11 ( 11 ) 2016-11-21 , Public Library of Science
We present the results of a series of experiments at the Kumamoto Sanctuary in Japan, in which captive chimpanzees (Pan troglodytes) performed several nut cracking sessions using raw materials from Olduvai Gorge, Tanzania. We examined captive chimpanzee pounding tools using a combination of technological analysis, use-wear distribution, and micro-wear analysis. Our results show specific patterns of use-wear distribution across the active surfaces of pounding tools, which reveal some similarities with traces on archaeological percussive objects from the Early Stone Age, and are consistent with traces on other experimental pounding tools used by modern humans.
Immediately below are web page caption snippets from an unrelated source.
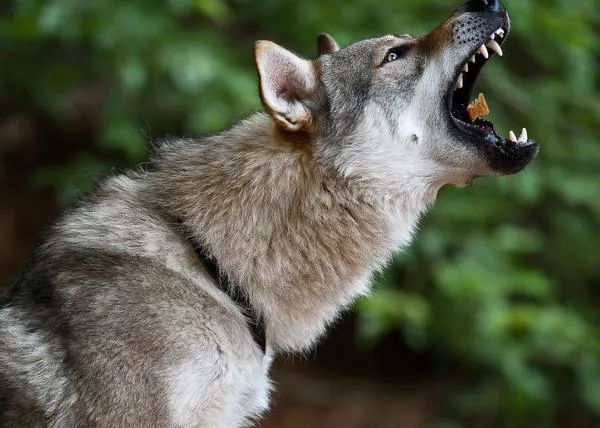 La (peligrosa) moda del Perro Lobo Checoslovaco: un perro tan independiente como inteligente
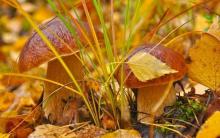 где искать грибы в лесу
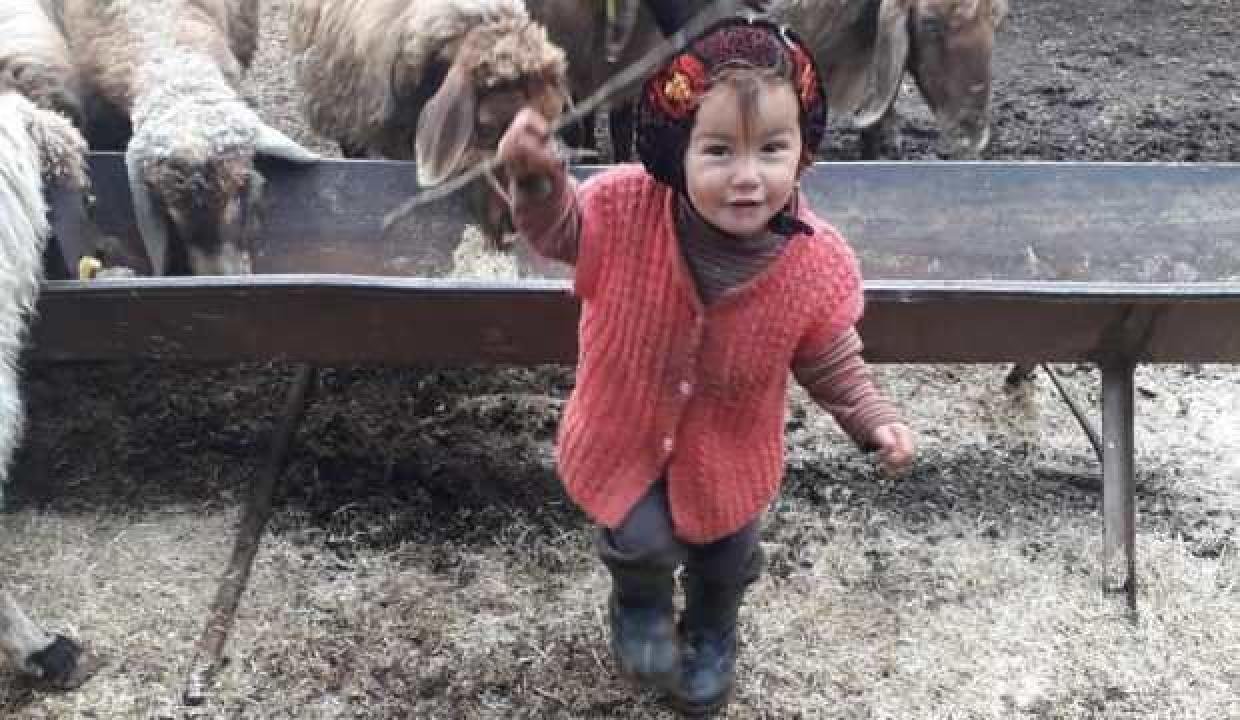 Türkiye’yi yasa boğmuştu: Küçük Müslüme’nin vefat nedeni belirli oldu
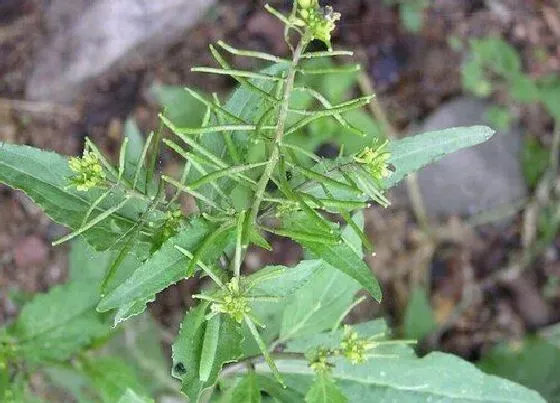 蔬菜|蔊菜是什么菜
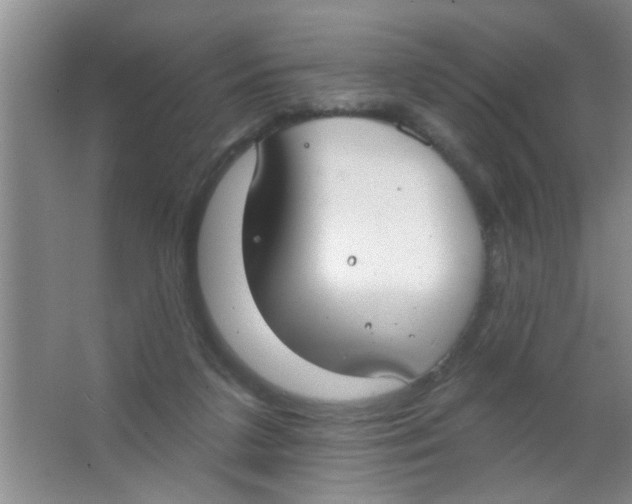 X0000063490211200602101842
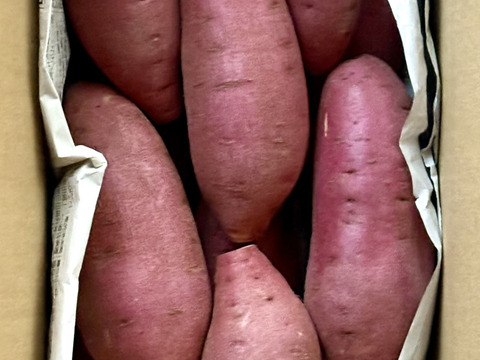 ホクホクむっちり「栗かぐや」色々なサイズ入り 3キロ箱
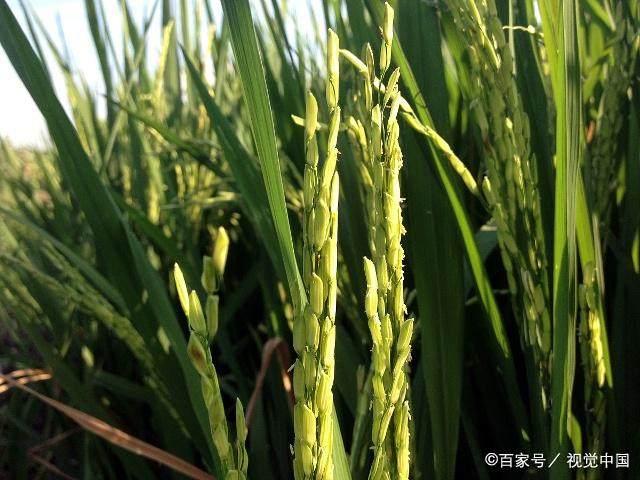 知道大米如何种植出来的吗？快来看看水稻的培育方法吧！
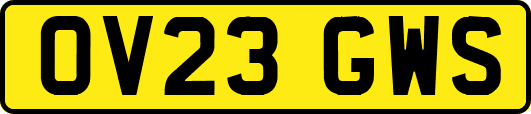 OV23GWS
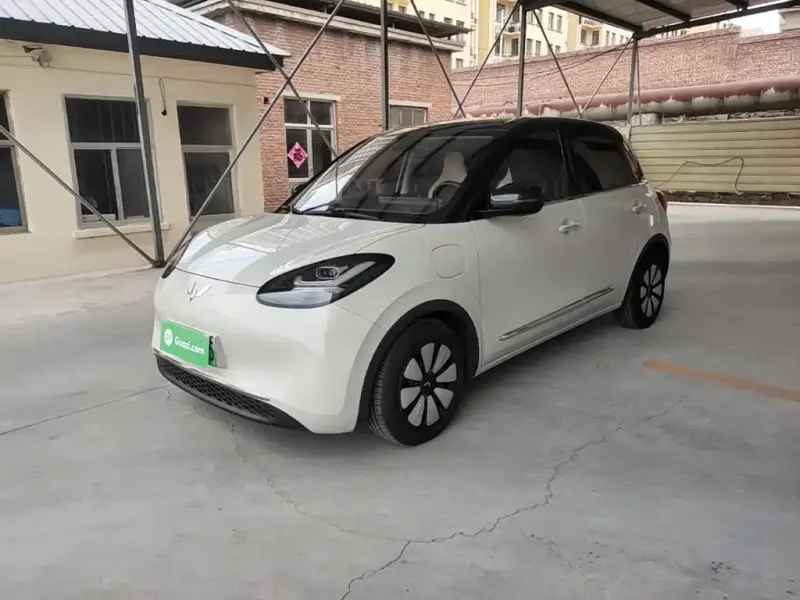 Wuling Bingo, 2023
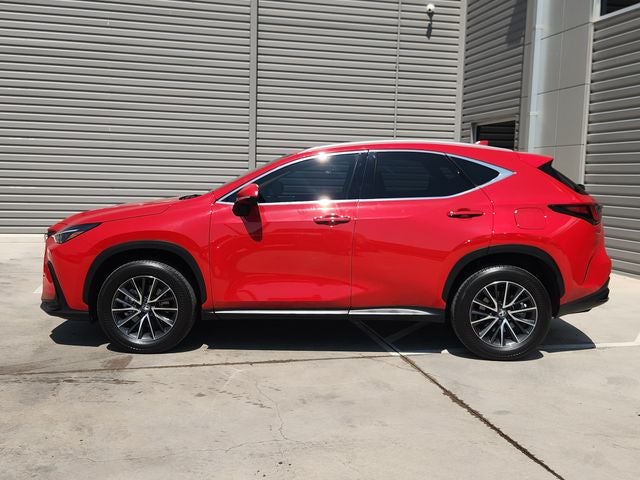 2025 Lexus NX 250 Premium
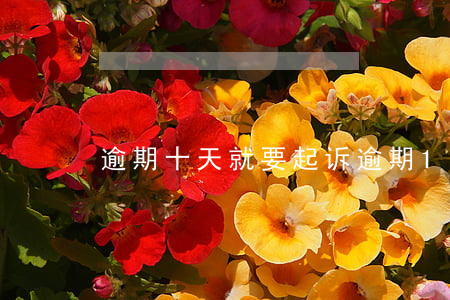 逾期十天就要起诉(逾期10多天)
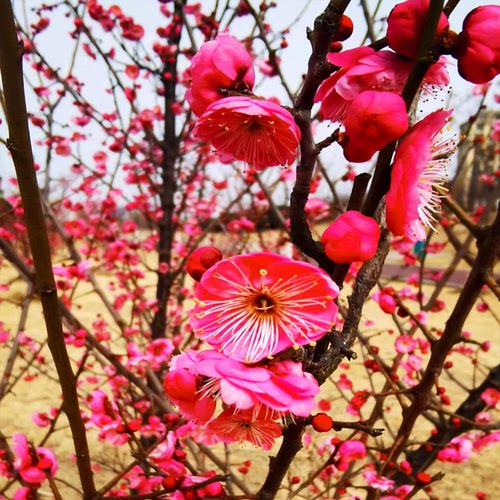 庭院梅花树红梅树苗素心腊梅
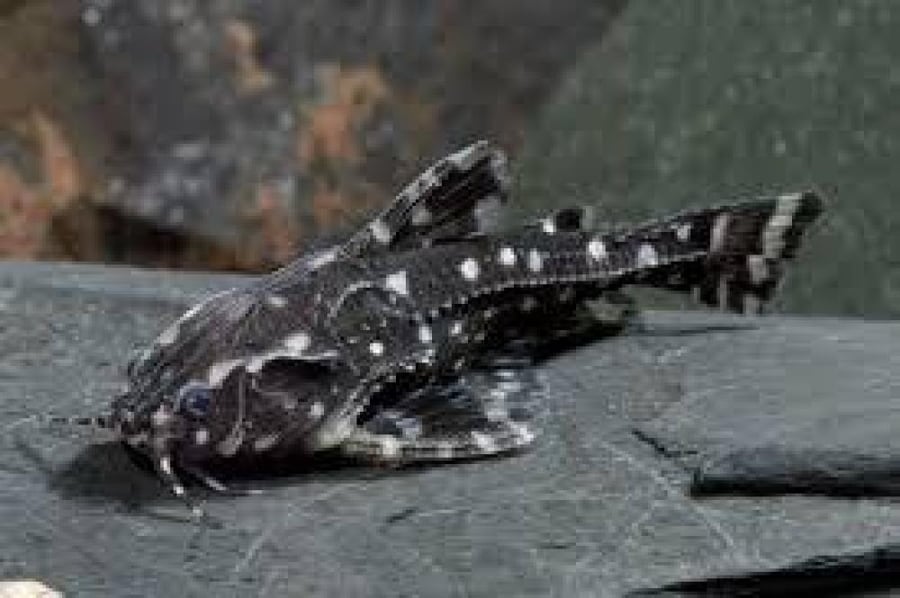 سمكة السلور المتكلمة المنقطة White Spotted Doradid Catfish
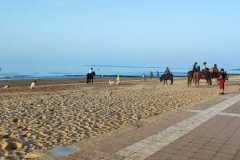 IMG-20231007-WA0070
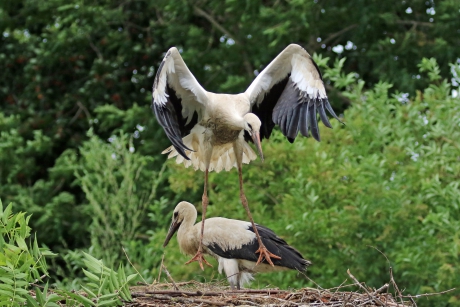 Voetjes van de vloer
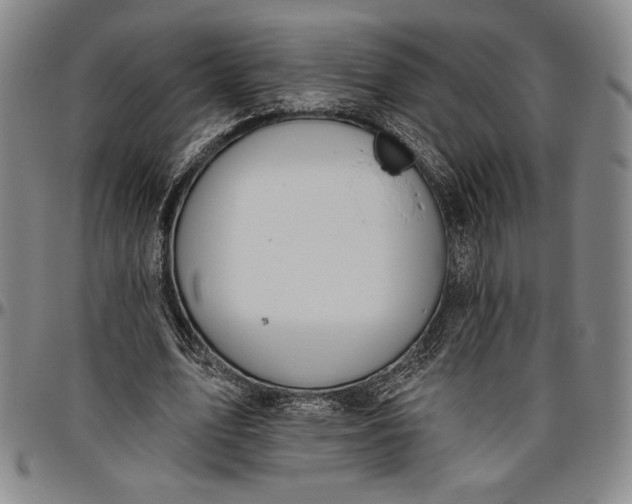 X0000096630583200802191158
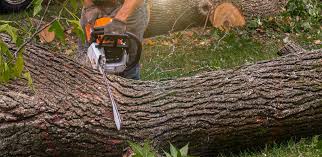 Best Utility Line Clearance  in Harlan, IA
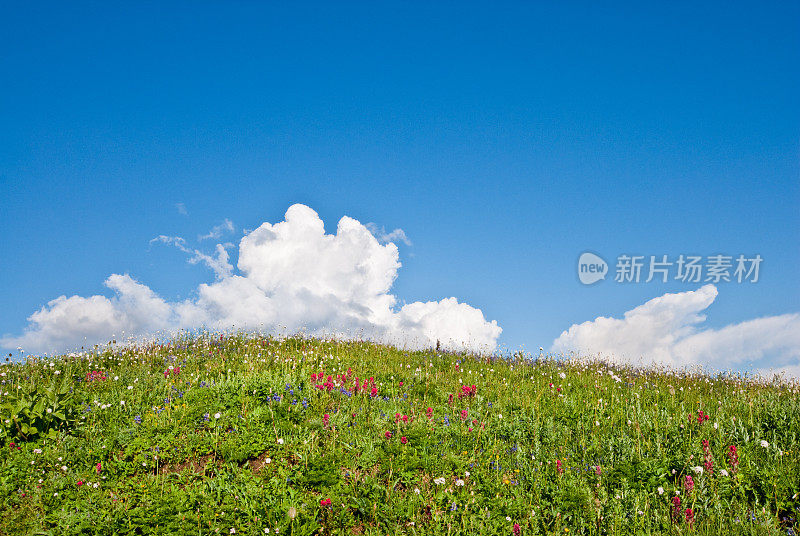 高山草甸与云的形成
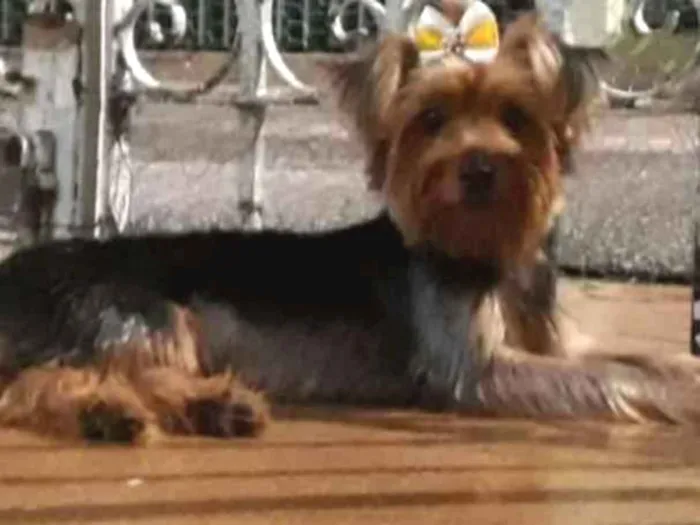 Cachorro ra a Yorkishare Terrier  idade 1 ano nome Fofinha 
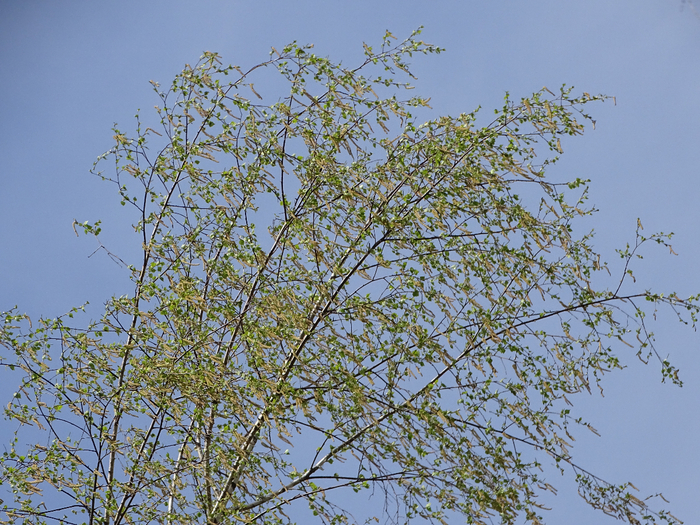 DSC00090 (700x525, 587Kb)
The approach used in this study may help to stablish a framework with which to interpret archaeological assemblages and improve understanding of use-wear formation processes on pounding tools used by chimpanzees. This study represents the first direct comparison of chimpanzee pounding tools and archaeological material, and thus may contribute to a better understanding of hominin percussive activities.